O homo ruralis, daqui, cortando a Zona da Mata de Pernambuco, é o trabalhador da cana, como os lavradores do pintor pernambucano Cícero Dias ou do pintor paulista Cândido Portinari, porque a cana de açúcar transformou esse homem em ave migratória, também, gênero de ave na contramão, ou contra-asa, do espírito das aves, que é a de, a cada segundo, ir perdendo seu voo, contrariando sua natureza. Esse rural, tipo de Vulcano saído do inferno das queimadas, carrega ainda no seu destino uma velha forma de escravidão, os rostos que o passado escurece e esconde, por mais aparências de moderno que o capitalismo promova, desde os tempos em que as usinas consumiam gentes, essas máquinas vulgares de plantar, colher, adubar, até os novíssimos tempos da vã tecnologia, o deus ex machina do lucro, da peleja do capital com o trabalho.
Dessa espécie, sua língua é facão. Sua linguagem é lâmina. E o verbo mais carne pronunciado entre eles é cortar, cortar, cortar, cortar, cortar. Sangrar, outro verbo seu, vegetal, rural. Cortar e sangrar, num trabalho que a cultura naturalizou no corte da cana, que é parte negação da vida, da lavra, da terra, para quem trabalha nela. E essa terra, diferente do que pensa o retirante, não é fácil de amansar, nem é tampouco feminina, ou não diferente lhe seja, sua feição severina, o mesmo gosto, a terra íntima, como diz João Cabral de Melo Neto: “...e entre a Caatinga e aqui a Mata/ a diferença é a mais mínima. / Está apenas em que a terra / é por aqui mais macia;/ está apenas no pavio,/ ou melhor, na lamparina:/ pois é igual o querosene/ que em toda parte ilumina,/ e quer nesta terra gorda/ quer na serra, de caliça,/ a vida arde sempre com/ a mesma chama mortiça".

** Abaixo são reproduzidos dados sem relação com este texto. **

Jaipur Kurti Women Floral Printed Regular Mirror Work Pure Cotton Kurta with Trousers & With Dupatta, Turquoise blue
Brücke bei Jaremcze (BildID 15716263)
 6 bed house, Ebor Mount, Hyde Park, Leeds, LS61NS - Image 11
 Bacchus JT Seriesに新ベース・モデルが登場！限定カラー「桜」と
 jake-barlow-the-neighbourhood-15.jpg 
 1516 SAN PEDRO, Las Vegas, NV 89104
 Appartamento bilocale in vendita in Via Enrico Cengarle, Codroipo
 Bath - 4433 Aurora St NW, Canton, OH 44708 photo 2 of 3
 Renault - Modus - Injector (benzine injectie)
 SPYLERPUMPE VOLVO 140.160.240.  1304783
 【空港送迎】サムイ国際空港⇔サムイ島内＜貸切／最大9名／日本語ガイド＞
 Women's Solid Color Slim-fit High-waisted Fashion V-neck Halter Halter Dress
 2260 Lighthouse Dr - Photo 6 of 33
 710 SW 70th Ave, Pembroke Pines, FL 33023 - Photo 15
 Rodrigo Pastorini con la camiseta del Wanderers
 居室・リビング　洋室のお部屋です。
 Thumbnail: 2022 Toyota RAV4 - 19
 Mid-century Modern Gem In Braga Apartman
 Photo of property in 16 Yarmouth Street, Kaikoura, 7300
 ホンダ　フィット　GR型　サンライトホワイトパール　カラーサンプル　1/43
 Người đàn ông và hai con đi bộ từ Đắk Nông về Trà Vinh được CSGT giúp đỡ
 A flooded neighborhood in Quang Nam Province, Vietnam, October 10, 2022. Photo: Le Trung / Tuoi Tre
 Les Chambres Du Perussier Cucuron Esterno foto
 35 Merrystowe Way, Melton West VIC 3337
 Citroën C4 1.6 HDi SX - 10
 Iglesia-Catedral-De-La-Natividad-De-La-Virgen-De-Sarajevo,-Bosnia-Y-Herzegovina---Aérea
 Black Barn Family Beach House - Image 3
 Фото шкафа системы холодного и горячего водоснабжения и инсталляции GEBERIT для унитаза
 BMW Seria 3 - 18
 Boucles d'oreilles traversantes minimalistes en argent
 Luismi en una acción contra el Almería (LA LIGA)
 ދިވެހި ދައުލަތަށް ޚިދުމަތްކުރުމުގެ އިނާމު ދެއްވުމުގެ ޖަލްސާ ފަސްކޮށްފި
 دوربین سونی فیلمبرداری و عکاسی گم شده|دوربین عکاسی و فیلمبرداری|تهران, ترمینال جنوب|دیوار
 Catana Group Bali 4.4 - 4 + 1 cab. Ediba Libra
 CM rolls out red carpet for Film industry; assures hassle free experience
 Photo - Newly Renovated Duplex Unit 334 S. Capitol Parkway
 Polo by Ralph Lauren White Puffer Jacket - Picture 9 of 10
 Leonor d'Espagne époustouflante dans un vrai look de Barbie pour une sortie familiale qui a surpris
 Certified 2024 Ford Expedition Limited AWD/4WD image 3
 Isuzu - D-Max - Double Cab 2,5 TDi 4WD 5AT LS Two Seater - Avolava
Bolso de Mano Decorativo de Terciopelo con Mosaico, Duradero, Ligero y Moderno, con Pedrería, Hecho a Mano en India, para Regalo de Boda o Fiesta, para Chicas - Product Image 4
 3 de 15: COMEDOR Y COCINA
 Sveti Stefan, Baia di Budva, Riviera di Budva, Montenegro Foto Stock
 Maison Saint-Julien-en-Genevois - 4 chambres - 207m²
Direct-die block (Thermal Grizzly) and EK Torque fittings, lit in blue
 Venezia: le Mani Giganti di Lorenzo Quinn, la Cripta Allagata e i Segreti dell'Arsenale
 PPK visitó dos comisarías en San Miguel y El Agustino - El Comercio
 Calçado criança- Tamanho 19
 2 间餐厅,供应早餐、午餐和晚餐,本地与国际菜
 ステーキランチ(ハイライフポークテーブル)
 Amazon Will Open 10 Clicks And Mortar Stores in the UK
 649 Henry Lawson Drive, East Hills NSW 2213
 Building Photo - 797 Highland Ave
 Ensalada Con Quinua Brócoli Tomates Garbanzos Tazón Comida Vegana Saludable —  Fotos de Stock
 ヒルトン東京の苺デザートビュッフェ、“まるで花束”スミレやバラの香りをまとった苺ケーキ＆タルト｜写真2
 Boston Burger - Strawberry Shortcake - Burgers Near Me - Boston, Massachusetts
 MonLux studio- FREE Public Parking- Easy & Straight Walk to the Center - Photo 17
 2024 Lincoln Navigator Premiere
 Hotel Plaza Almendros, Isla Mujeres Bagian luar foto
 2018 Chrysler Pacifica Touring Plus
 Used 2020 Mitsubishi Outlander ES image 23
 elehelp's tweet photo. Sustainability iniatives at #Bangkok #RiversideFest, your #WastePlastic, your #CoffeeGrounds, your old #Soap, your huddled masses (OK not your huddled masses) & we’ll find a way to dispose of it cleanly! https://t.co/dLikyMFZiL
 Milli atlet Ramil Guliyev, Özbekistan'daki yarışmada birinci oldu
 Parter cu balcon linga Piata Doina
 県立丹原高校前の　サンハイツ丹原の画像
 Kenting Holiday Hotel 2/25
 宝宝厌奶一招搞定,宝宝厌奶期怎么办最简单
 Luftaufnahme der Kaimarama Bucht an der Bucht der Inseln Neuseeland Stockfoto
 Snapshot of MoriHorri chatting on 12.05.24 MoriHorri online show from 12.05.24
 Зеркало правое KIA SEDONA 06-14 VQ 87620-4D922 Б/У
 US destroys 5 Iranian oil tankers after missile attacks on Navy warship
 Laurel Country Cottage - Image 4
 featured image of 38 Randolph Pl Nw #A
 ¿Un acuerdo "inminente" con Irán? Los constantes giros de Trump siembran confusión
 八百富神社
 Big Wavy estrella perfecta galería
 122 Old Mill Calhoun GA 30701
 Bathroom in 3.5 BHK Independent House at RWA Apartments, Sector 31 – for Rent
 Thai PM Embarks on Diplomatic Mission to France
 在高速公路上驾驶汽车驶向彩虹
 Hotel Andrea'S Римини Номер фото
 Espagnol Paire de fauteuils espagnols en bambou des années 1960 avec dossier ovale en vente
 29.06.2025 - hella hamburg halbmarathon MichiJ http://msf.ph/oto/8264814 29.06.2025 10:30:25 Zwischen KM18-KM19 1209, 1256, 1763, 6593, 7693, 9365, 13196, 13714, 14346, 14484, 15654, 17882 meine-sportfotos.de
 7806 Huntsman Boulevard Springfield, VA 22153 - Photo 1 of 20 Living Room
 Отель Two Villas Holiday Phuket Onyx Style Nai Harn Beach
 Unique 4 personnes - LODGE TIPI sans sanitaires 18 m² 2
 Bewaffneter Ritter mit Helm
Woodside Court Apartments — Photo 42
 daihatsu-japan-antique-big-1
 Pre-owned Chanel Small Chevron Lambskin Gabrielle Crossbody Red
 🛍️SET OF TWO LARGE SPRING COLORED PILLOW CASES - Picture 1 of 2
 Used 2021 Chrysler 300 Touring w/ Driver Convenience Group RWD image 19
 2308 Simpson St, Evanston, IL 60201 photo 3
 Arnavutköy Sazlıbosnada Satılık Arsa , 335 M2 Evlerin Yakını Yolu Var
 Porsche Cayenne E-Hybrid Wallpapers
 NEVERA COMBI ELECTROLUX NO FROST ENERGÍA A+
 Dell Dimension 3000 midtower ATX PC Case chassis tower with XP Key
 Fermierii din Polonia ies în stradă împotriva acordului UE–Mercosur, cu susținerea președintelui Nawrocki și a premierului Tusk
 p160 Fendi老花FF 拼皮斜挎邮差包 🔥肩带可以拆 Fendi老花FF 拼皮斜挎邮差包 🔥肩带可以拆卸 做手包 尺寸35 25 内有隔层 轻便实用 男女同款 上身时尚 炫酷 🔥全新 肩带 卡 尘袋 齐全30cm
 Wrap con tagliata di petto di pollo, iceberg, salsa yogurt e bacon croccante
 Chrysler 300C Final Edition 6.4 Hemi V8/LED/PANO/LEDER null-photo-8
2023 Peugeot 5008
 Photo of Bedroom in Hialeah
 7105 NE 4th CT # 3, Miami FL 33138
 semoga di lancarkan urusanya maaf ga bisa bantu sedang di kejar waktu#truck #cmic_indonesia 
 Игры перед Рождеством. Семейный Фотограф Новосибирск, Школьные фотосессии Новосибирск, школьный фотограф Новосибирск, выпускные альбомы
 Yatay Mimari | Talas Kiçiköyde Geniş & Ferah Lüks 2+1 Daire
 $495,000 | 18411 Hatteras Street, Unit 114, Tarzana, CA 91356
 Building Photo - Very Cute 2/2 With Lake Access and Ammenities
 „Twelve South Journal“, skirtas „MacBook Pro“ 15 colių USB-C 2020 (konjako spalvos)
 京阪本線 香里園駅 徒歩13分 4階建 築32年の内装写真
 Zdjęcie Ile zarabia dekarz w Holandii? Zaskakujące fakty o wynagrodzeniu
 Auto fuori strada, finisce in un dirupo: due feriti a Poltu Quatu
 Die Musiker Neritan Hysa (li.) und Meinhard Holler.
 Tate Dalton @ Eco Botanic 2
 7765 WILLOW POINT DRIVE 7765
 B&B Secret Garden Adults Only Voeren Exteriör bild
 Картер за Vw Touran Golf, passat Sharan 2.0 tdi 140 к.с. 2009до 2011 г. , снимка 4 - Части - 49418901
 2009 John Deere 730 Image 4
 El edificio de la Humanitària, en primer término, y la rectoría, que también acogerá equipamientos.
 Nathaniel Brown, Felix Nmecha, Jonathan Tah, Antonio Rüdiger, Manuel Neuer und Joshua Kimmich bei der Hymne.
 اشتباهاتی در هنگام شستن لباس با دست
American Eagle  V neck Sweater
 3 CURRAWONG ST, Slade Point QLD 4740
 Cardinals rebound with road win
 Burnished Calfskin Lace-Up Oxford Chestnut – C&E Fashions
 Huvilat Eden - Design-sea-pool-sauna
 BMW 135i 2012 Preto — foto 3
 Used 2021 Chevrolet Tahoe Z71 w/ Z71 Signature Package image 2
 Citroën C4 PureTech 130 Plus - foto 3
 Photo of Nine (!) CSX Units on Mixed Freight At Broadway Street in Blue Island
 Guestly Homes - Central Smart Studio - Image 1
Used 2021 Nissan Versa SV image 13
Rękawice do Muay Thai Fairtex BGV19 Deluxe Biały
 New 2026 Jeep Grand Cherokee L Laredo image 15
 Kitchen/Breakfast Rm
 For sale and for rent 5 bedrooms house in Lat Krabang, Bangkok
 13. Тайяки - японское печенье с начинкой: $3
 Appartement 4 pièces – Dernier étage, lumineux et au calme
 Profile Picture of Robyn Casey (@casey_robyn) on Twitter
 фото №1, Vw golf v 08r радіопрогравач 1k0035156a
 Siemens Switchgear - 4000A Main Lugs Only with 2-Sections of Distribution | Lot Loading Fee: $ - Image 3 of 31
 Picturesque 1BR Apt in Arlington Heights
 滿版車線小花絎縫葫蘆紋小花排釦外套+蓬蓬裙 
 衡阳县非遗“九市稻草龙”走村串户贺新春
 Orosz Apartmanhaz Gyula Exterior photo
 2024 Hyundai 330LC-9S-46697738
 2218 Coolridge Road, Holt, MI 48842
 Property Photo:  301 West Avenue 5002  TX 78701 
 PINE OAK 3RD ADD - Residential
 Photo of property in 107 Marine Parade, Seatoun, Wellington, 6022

E onde estão esses espécimes, de dia feitos de aço, de faca, e nunca de poesia, e para os quais a rima claudica? Por onde andará a gente que tantas canas cultiva? Diferente do teu poema, João, de tantas, são in(di)visíveis: a trabalhar todas as horas do dia, os dias todos do mês, os meses todos da vida.
Envelhecendo já aos vinte, a saber da morte em vida, vida em morte, Severina.